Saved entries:
----------
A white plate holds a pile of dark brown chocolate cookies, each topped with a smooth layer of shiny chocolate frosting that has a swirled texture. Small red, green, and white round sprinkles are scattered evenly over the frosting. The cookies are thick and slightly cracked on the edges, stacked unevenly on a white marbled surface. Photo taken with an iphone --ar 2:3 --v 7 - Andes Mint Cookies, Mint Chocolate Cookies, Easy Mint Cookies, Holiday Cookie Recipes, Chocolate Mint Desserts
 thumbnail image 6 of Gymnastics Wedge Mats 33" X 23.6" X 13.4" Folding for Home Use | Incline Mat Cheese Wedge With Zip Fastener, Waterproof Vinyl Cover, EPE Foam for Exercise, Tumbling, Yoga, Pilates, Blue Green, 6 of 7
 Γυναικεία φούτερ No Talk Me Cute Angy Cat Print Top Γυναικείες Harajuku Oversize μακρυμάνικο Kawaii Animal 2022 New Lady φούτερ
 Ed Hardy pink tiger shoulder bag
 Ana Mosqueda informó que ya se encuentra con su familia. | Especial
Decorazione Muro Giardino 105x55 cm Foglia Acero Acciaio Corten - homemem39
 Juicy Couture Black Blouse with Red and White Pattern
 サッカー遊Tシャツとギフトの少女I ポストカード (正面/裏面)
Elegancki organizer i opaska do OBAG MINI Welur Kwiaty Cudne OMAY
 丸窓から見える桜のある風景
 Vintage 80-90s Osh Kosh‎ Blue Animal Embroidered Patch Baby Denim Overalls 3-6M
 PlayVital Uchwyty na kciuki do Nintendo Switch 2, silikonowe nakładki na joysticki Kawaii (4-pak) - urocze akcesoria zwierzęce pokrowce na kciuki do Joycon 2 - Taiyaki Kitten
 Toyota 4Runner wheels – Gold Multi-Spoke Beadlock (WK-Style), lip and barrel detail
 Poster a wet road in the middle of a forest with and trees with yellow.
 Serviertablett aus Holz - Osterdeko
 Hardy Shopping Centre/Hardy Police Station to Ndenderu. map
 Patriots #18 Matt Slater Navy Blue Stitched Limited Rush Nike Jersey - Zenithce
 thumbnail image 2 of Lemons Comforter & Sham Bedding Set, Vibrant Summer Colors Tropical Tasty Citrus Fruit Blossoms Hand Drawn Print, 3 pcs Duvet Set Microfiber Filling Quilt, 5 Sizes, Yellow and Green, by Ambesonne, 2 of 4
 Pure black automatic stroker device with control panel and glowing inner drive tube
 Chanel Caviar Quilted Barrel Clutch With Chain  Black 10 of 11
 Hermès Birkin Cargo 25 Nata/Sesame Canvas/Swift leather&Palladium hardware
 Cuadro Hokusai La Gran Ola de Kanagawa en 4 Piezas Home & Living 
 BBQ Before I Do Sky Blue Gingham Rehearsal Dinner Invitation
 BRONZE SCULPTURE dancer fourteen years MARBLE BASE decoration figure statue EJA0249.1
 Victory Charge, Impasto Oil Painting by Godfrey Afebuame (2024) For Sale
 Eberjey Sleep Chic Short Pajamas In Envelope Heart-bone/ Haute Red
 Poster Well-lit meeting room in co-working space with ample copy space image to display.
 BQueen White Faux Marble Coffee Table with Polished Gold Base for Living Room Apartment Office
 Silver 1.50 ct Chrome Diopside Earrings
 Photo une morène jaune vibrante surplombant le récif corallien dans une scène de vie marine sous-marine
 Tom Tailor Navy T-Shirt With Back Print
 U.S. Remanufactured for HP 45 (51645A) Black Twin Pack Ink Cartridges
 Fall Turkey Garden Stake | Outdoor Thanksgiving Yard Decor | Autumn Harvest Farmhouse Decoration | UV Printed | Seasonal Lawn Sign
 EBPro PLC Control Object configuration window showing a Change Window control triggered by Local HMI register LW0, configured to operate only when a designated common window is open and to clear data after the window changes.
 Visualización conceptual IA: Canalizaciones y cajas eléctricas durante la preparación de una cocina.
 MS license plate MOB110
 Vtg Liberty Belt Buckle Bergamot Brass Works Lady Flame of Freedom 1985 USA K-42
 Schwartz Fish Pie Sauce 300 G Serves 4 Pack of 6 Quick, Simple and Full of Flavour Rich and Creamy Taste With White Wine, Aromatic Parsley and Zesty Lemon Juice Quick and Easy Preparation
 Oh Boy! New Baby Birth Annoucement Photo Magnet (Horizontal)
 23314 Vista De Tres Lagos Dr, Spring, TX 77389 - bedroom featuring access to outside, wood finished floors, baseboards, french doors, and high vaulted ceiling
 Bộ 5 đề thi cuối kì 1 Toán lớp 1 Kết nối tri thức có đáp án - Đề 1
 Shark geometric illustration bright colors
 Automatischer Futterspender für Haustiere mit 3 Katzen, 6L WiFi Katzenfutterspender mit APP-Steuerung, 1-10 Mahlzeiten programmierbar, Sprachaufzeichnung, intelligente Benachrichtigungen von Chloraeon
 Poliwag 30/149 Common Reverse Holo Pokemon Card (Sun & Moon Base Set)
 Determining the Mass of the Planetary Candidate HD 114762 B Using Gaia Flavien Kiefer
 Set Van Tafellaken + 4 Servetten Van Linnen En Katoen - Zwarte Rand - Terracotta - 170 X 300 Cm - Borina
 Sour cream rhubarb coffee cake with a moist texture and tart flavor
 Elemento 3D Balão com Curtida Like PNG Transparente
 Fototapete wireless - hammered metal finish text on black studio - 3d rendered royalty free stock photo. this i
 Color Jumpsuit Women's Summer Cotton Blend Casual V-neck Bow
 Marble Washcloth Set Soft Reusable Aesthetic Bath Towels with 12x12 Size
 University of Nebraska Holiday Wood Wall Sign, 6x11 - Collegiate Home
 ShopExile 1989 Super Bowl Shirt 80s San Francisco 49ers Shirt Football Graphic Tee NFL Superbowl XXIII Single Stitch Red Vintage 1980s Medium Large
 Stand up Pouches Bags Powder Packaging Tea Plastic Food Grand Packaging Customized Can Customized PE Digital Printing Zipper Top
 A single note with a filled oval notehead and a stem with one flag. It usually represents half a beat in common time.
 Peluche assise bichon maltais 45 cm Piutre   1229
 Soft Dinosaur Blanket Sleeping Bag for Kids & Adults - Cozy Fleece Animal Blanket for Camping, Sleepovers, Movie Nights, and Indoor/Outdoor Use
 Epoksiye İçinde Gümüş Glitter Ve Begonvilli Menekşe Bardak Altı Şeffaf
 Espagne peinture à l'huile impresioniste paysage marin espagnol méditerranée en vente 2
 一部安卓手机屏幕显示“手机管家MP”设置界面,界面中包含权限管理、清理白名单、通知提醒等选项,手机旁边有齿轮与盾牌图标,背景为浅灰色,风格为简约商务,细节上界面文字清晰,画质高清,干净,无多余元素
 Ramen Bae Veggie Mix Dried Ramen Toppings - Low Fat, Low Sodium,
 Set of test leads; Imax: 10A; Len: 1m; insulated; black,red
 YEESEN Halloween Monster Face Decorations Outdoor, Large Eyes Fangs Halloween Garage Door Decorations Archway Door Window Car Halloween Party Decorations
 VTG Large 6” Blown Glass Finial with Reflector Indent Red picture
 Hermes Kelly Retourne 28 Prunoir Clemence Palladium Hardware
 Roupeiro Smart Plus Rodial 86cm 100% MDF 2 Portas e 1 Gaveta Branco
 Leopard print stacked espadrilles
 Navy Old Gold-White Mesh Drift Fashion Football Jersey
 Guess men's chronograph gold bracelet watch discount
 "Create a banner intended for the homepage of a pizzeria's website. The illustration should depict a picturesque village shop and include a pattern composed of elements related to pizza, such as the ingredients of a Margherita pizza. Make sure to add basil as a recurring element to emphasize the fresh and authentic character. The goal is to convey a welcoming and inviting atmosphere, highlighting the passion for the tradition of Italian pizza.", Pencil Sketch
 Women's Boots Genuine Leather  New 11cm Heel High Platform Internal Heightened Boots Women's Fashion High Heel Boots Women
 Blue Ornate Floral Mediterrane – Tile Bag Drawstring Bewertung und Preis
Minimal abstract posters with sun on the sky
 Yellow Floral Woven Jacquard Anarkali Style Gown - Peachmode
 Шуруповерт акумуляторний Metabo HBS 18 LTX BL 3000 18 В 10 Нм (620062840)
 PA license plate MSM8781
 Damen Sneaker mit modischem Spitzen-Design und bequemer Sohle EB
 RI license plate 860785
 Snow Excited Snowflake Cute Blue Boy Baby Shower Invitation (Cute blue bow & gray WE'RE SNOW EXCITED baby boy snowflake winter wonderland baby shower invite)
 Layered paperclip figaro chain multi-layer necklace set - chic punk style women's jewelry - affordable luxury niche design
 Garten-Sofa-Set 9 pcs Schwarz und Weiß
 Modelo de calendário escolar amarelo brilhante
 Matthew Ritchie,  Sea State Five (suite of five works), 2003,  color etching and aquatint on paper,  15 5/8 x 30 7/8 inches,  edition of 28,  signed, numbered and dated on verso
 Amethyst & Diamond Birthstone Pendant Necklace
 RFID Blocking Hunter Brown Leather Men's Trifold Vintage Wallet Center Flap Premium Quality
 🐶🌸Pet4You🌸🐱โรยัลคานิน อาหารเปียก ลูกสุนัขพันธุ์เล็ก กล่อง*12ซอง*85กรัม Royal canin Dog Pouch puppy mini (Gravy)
----------
▶ [Exercise]
If a line in the records above holds the string "Palladium", copy it out.

▶ [Expected answer]
 Hermès Birkin Cargo 25 Nata/Sesame Canvas/Swift leather&Palladium hardware
 Hermes Kelly Retourne 28 Prunoir Clemence Palladium Hardware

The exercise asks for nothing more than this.